Source data:
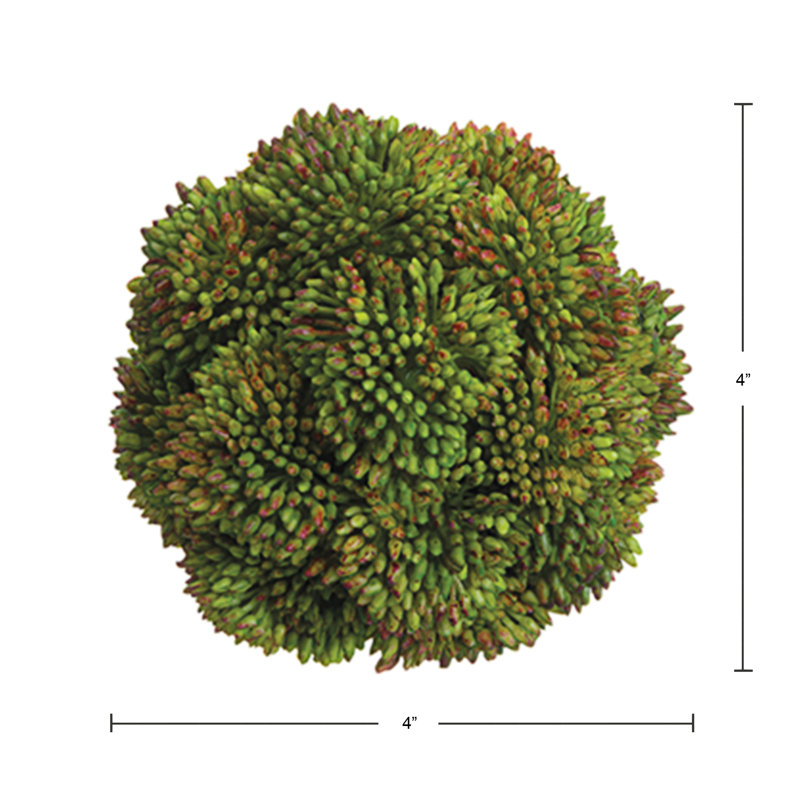 Decorative Sedum Balls, Green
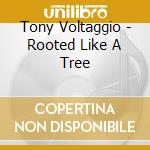 Tony Voltaggio - Rooted Like A Tree cd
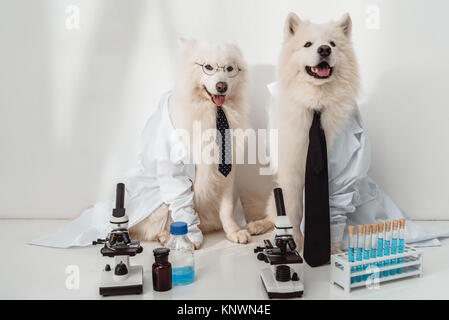 Hunde Wissenschaftler in Labormäntel Stockfoto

What to do: Please return exactly the lines from the one containing "Tony Voltaggio - Rooted Like A Tree cd" through the end of the material above, both ends included, but not the pictures.

Response:
 Tony Voltaggio - Rooted Like A Tree cd
 Hunde Wissenschaftler in Labormäntel Stockfoto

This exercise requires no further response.